Panko also outlined the basic food labeling expectations for prepared foods.
“You are recommended to do some labeling as well. It’s the Canada Food Inspection Agency that has requirements, but they recommend that you have the name of the food; how much is in the package; the ingredients, because that’s really important for allergies; where it was produced, so your name, address and phone number; and the durable life of it, so if it’s perishable how long do you expect it to last – i.e., a Best Before date.”
Foods that are not permitted to be sold at Farmers Markets include but are not limited to: cracked eggs, farm-slaughtered meat and poultry, and milk or milk products that are raw or have been home pasteurized.
“Any meats, frozen or fresh, that are prepared for the Farmers Market need to be from a licensed abattoir facility.”
Fish vendors must be licensed by the Saskatchewan government, and home canning is also restricted.
“For example, if you’re home preserving anything, there’s a high risk of botulism, so it is restricted to pickles and relish,” explained Panko. “Also you can do your jams and jellies; due to the really high sugar content in those, it doesn’t really support the growth of bacteria.”
With the exception of glass canning jars that have been sterilized and fitted with new lids, containers such as those made from plastic, cardboard or styrofoam cannot be reused.
“There’s a lot of information in the Foodsafe course," explained Panko. "It’s basically from farm to fork, about handling food, serving the food, cleaning up in your facilities. It’s a full day course, and runs from about 8:15 to 5 p.m. At the end of the day there’s an exam, so it’s a multiple-choice test of 55 questions where you need 75 per cent to pass the exam. If you pass, we would send you a Foodsafe certificate in the mail, but if you are unsuccessful, you are allowed one re-write.

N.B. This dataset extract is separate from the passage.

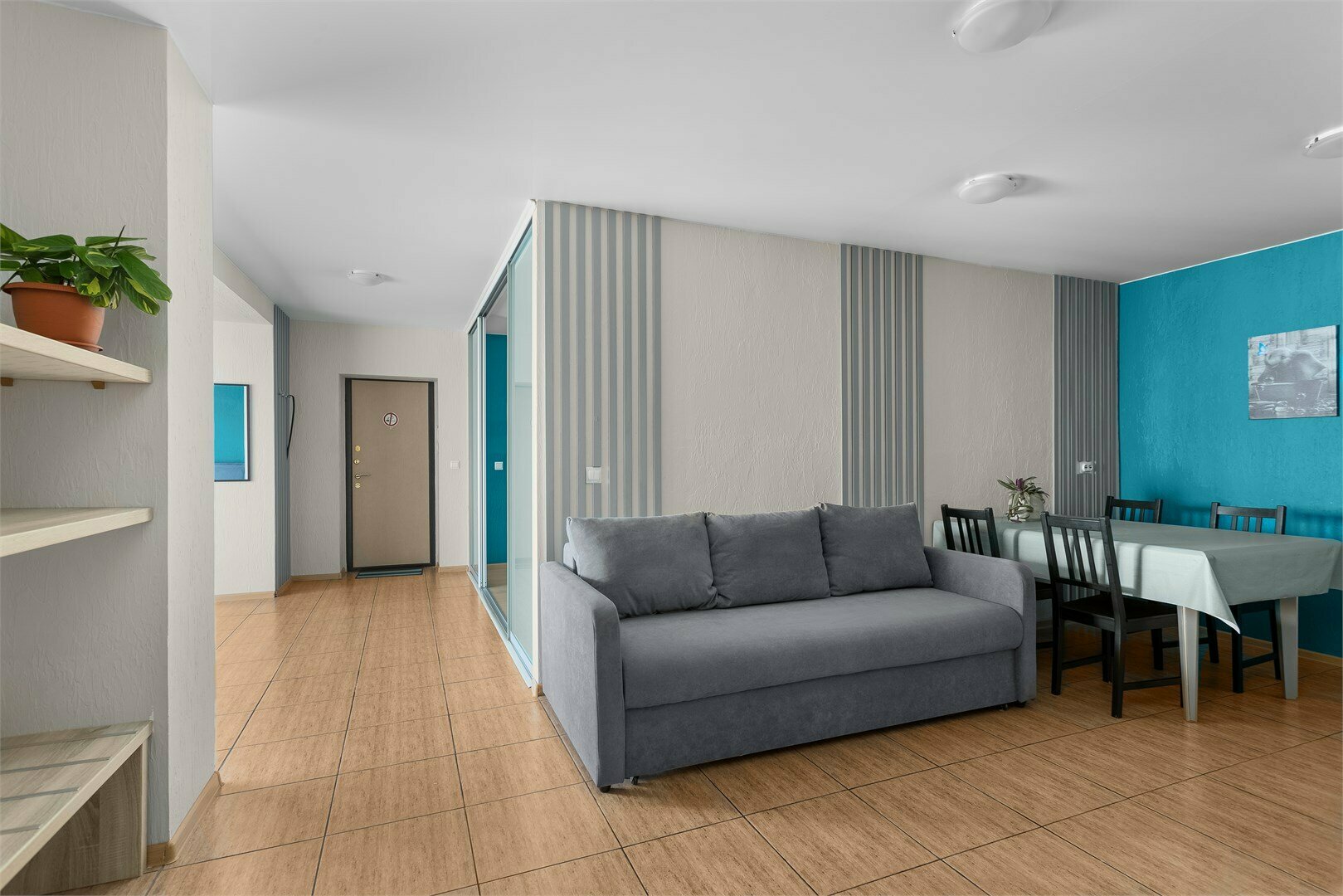 Семейная студя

“Having a Foodsafe certificate also allows you meet the Saskatchewan legislative requirements for any of our licensed public eating establishments as well. So if you’re ever interested in working in a public eating establishment, which includes any volunteering with food, it’s really handy to have.”

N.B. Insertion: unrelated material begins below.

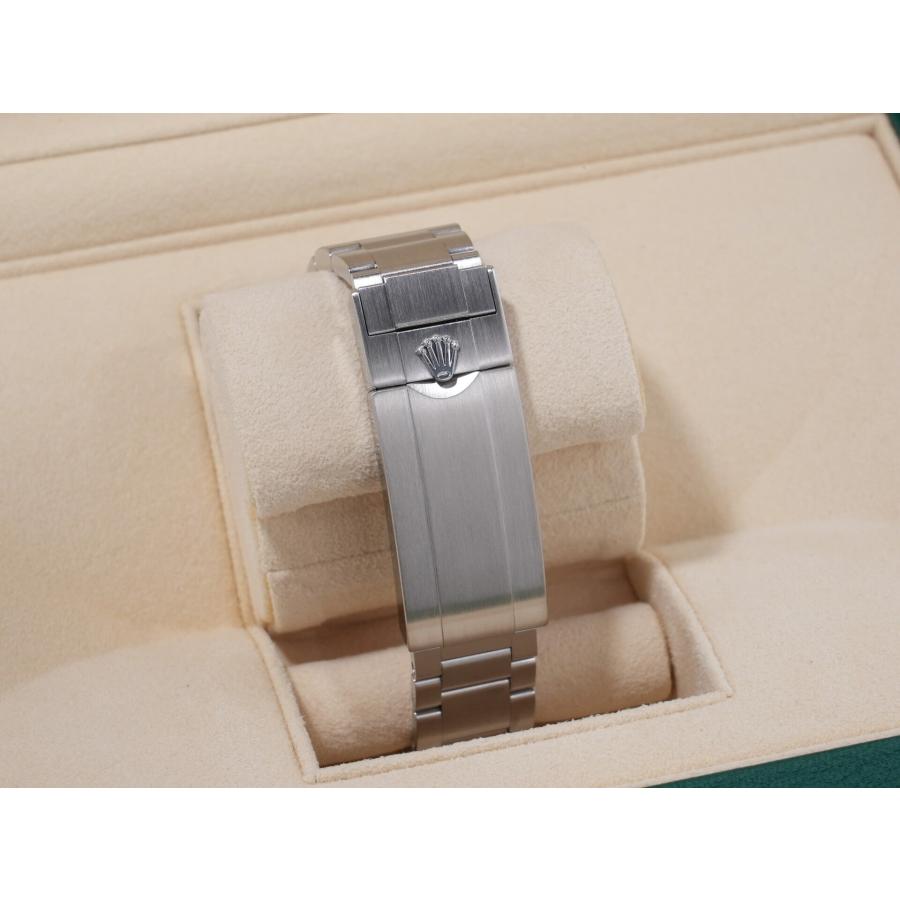 ロレックス サブマリーナー デイト Ref.116610LV ステンレススチール グリーン文字盤 | サブマリーナー | 06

The Foodsafe certificate does not expire, but Panko recommends a rewrite every five years or so.
“We recommend a review every five years, as regulations, standards and the course information can change.”
The next Foodsafe course offered by the Cypress Health Region will be April 10, and the cost is $50. Ad hoc courses can also be arranged for groups of 20 or more people, and some evening courses have also been scheduled over two evenings. For more information, contact the Public Health Inspector On Call at 778-5280. For more information on Public Health and Food Safety, visit www.cypresshealth.ca/phi, scroll down and click on Food Safety.
Cypress Health Region Public Health FOODSAFE™ Courses for 2013
April 10: Conf. Rooms 1 & 2, Cypress Reg. Hospital, 8:15 a.m. to 5 p.m.
April 13: Abbey, location to be arranged, 8:15 a.m. to 5 p.m..
May 8: Maple Creek United Church, 301 Maple Street, 8:30 a.m. to 5 p.m.
May 21 & 28: Conf. Rooms 1 & 2, Cypress Reg. Hospital, 6 to 10 p.m. both evenings.
May 29: Conf. Rooms 1 & 2, Cypress Reg. Hospital, 8:15 to 5 p.m.
Sept. 17 & 18: Miller College of the Bible, Admin. Bldg., Pambrun, 6:30 to 10 p.m. both evenings.
Sept. 17 & 24: Conf. Rooms 1 & 2, Cypress Regional Hosp., 6 to 10 p.m. both evenings.
Sept. 25: Conf. Rooms 1 & 2, 8:15 a.m. to 5 p.m.
Nov. 7: Shaunavon Lutheran Church, Shaunavon, 8:30 a.m. to 5 p.m.
Nov. 12: Conf. Rooms 1 & 2, Cypress Reg. Hospital, 8:15 a.m. to 5 p.m.